For me, any time I listened to my intuition, anytime I acted in alignment with what my gut was telling me to do, anytime I trusted myself, I came to be in a better situation because of it. Anytime I preformed on stage (I danced all through middle school and high school and did some theater growing up), the butterflies in my stomach said “you know what to do.”  The first job that I loved, came from my gut telling me to just go to the interview, just go to the training, “it could be a good thing” – turned out to be an amazing opportunity. Once, my sister called and asked if I wanted to go on a trip with her. I looked into flights – they were extremely cheap for where we were going, I took that as a sign and even though my brain questioned how I’d be able to make it work, would I be able to move my schedule around etc, my  gut said “do it.” And as soon as we booked the flight, just a few moments later, I knew I’d made the right decision. 

On the flip side of the positive intuition, I’ve also had some experiences that, looking back, were quite scary, and I often wonder what would have happened if I hadn’t listened to my gut. What would have happened if I had had one more drink with the bearded guy in Worcester that February night?  Would I have continued to go home with him despite all the signs that his intentions were not good? What would have happened that time I was in a foreign country and three “security guards” approached me to ask me some questions and I hadn’t come up with an excuse to leave? (I’d said my friend was waiting for me back in the hotel.  I was suspicious when they approached me, moments after my three male friends had gone back to the hotel bar and had just turned out of sight).  In each situation, something felt off.  In each situation, I paid attention to the signs. I listened when my gut said “this guy is bad news.” I listened when my gut said “get out of here, go back to the hotel” when I noticed that the security guards had no distinct logo or official memorabilia affirming their security guard claim.  The fact that in each of these situations, I was suddenly alone, with someone I didn’t know and could only listen to my gut, I had no choice but to listen.  And just a few minutes removed from each situation, I knew I’d made the right decision to leave. 

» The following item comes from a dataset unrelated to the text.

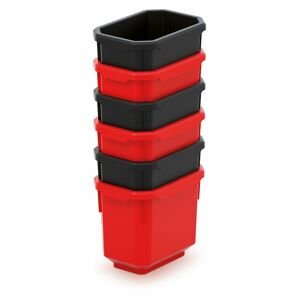 Sada 6 plastových boxů na nářadí TITAN BOX 110x75x263 černé/červené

Of course, trusting yourself doesn’t come from listening to your gut in these situations only (and I hope that you, dear reader, are never in these exact scenarios).  But if you are ever in a situation when you’re leaving a bar with a guy you don’t know, your gut intervenes.  Or if you are in a foreign country and three strange men approach you, you listen to your gut.  I also hope that when your gut says “time for a change” or “you got this!” you listen. 

Self love is being introspective and learning what you need.  Self love is honoring that intuition you’ve consciously (and sub-consciously) developed.  Of course, you can still practice self-care (make all the face masks and banana bread your heart desires), but I hope that you know that it’s more than that.  It’s more than cooking a delicious meal or taking a cute selfie. 

Self love is tuning in.  Self love is honoring yourself, listening to your gut.  Self love is knowing that you’re gut has something important to say.